━━ Dataset content

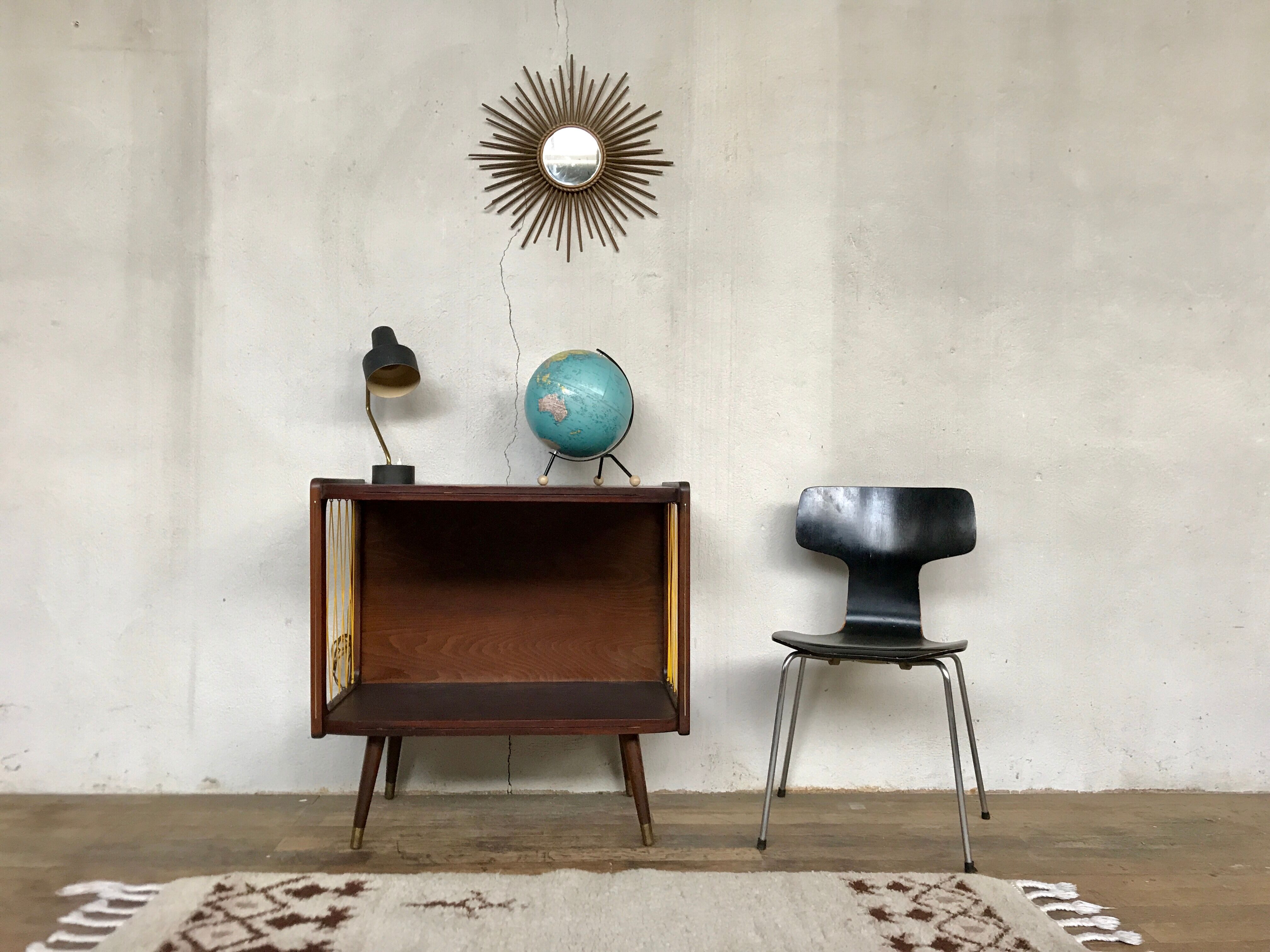 Furniture tv vintage feet compass 1950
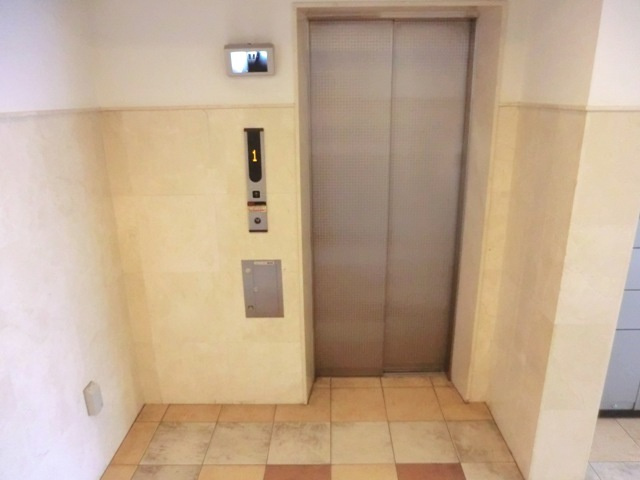ＬａＳａｎｔｅ浦和常盤公園のその他共用部分|★エレベーターを１基・完備しています。★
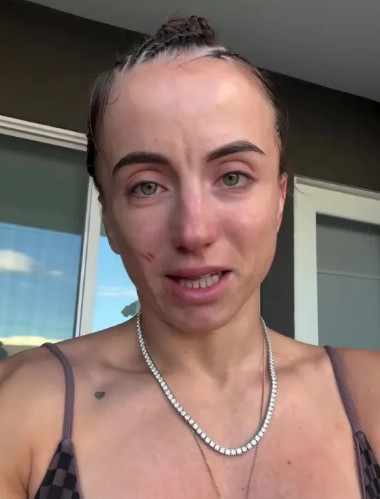 Macy Barber is expressing her feelings of defeat through her SNS. /Photo = The Sun Source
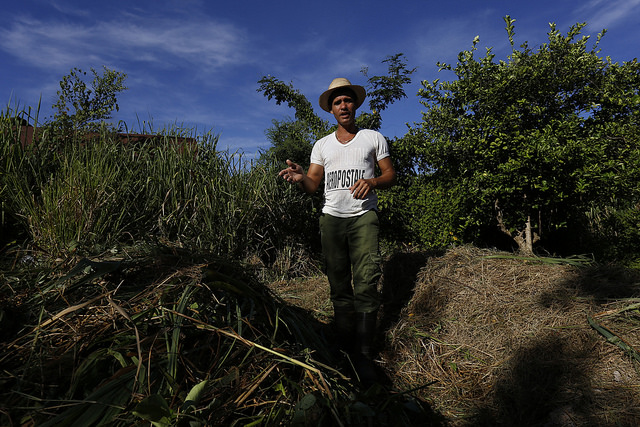 El agricultor Liuber Ojeda muestra el terreno donde obtiene abono orgánico o compost, en la finca 5 de Julio, cerca del barrio de Alamar, en el municipio de Habana del Este, en la capital cubana. Crédito: Jorge Luis Baños/IPS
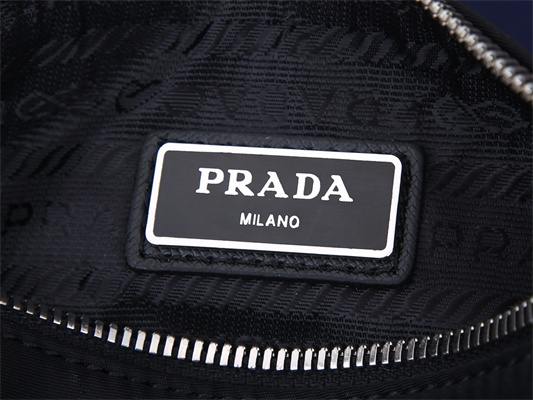 Pra*a re-edition 2005 nylon and saffiano leather mini bag in black 1ne633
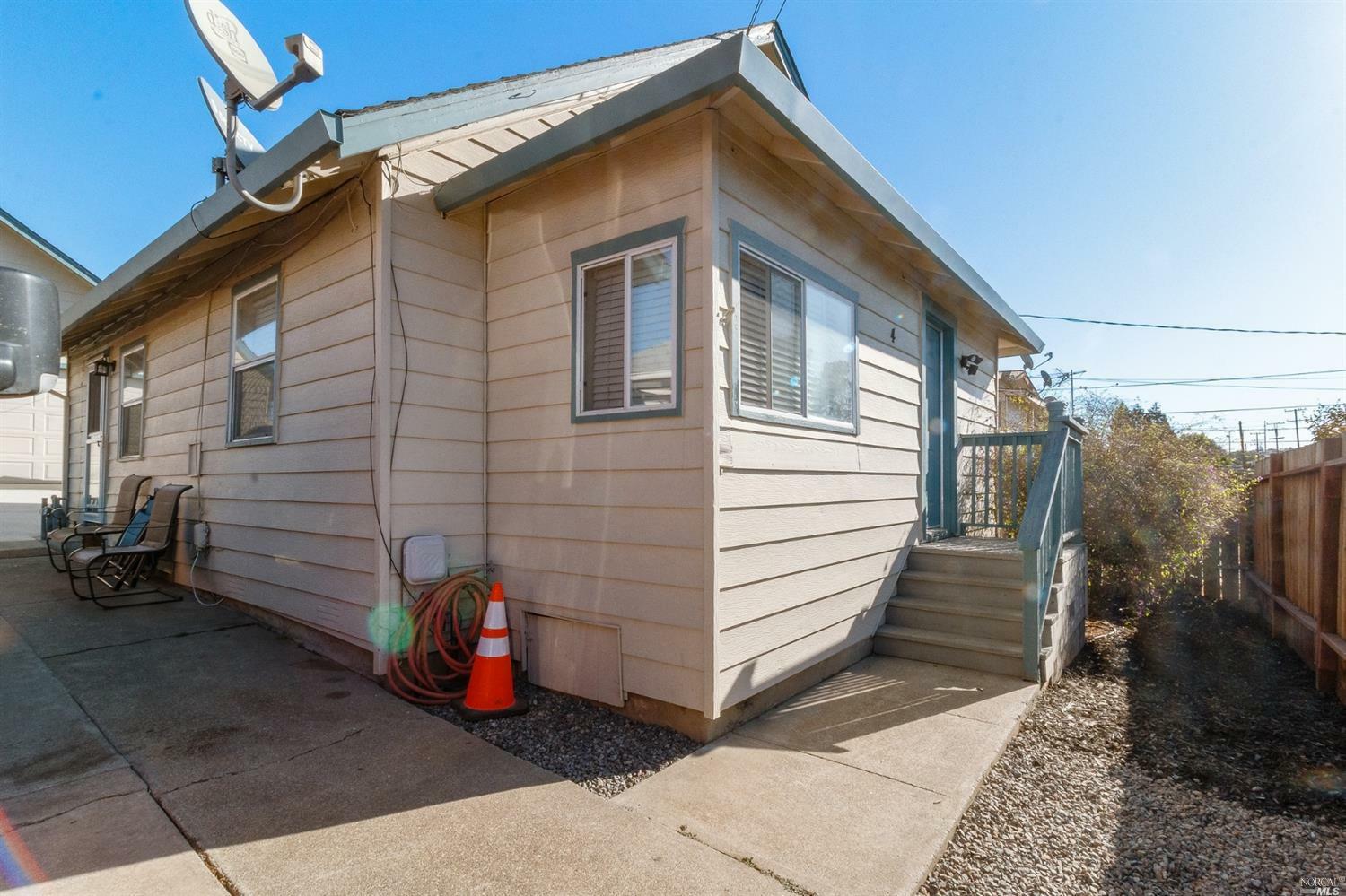 Property Photo:  4 Idora Avenue  CA 94590 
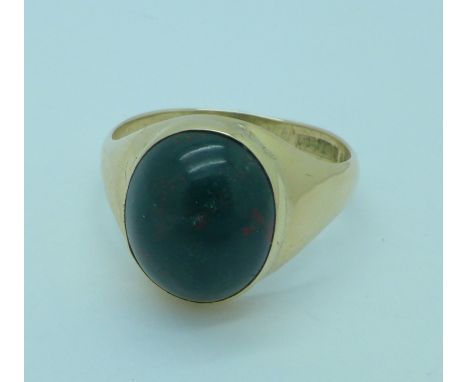 A 9ct gold bloodstone set ring, 5.5g, W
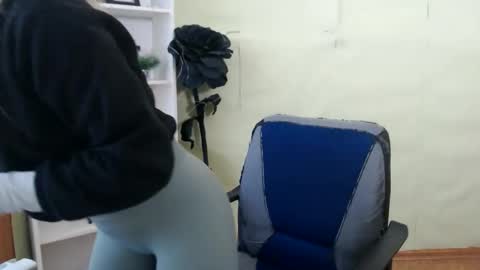 Snapshot of juliacrazy_ chatting on February 19, 6:22 am juliacrazy_ online show from February 19, 6:22 am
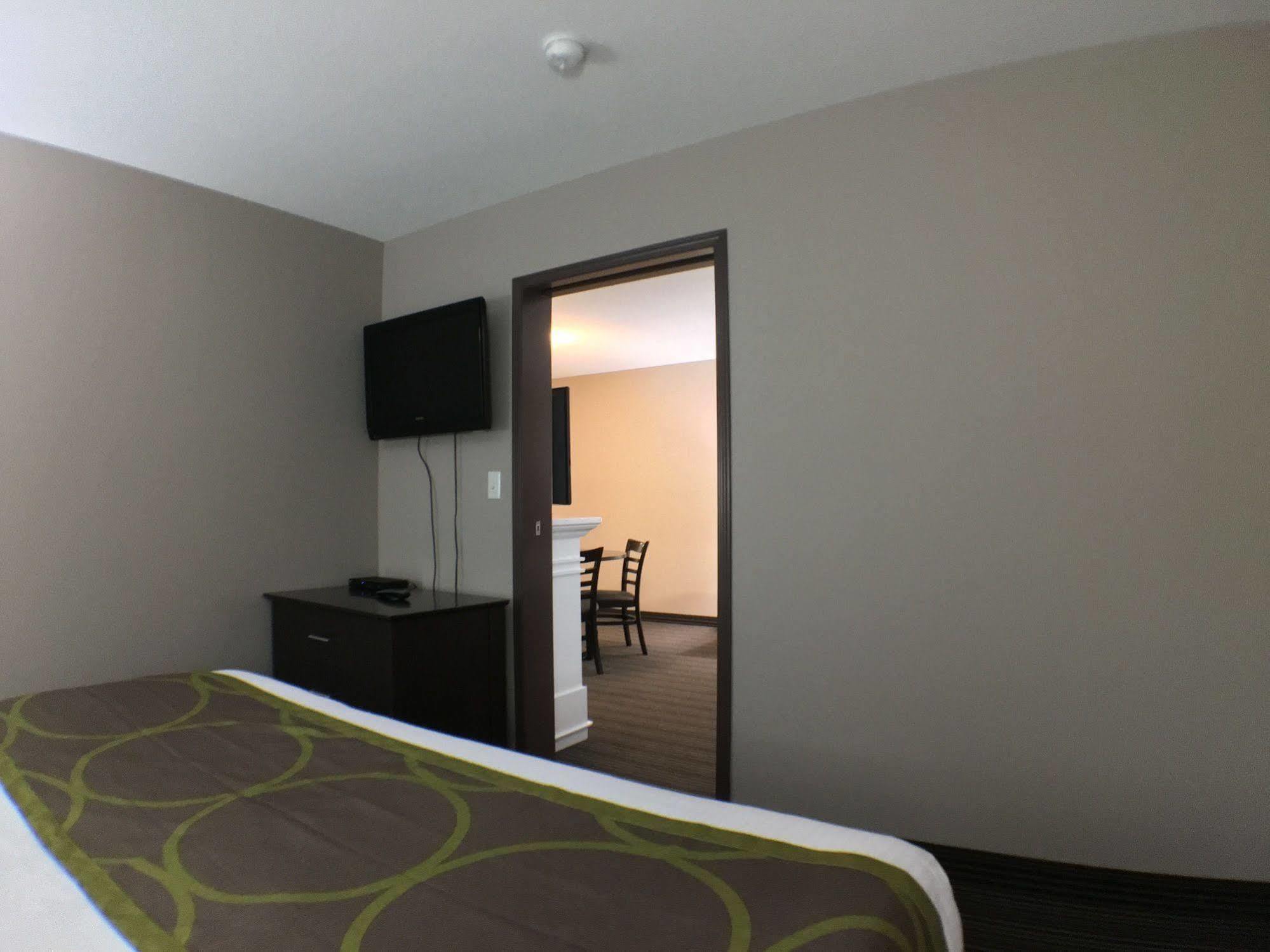 Super 8 by Wyndham Kapuskasing Hotel Eksteriør billede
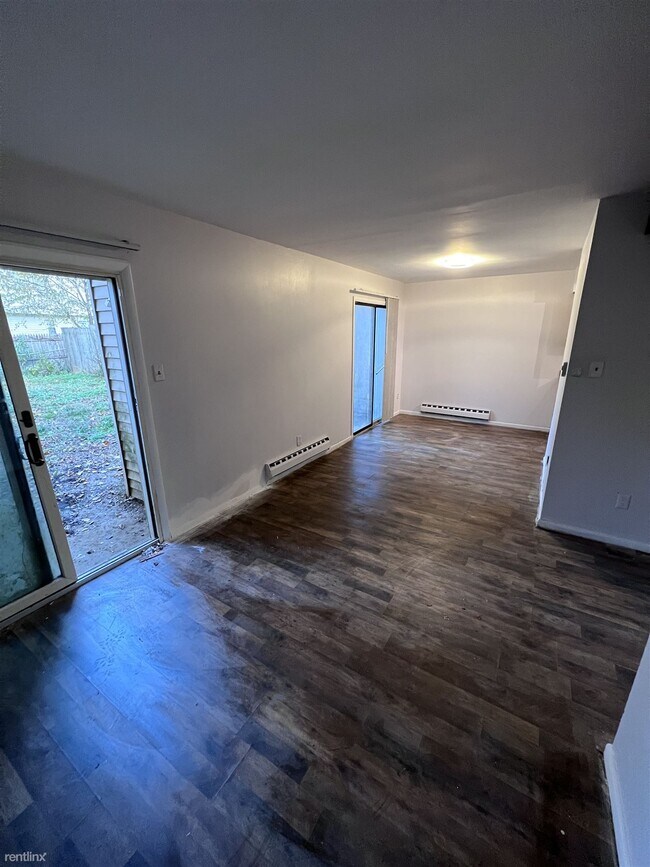 Foto del edificio - 3 br, 1 bath Townhome - 51 Presidential Drive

━━━━

_The task_
From the line containing "4 Idora Avenue" to the last line of the listing above, transcribe each line exactly, skipping the pictures.

_Exercise output_
 Property Photo:  4 Idora Avenue  CA 94590 
 A 9ct gold bloodstone set ring, 5.5g, W
 Snapshot of juliacrazy_ chatting on February 19, 6:22 am juliacrazy_ online show from February 19, 6:22 am
 Super 8 by Wyndham Kapuskasing Hotel Eksteriør billede
 Foto del edificio - 3 br, 1 bath Townhome - 51 Presidential Drive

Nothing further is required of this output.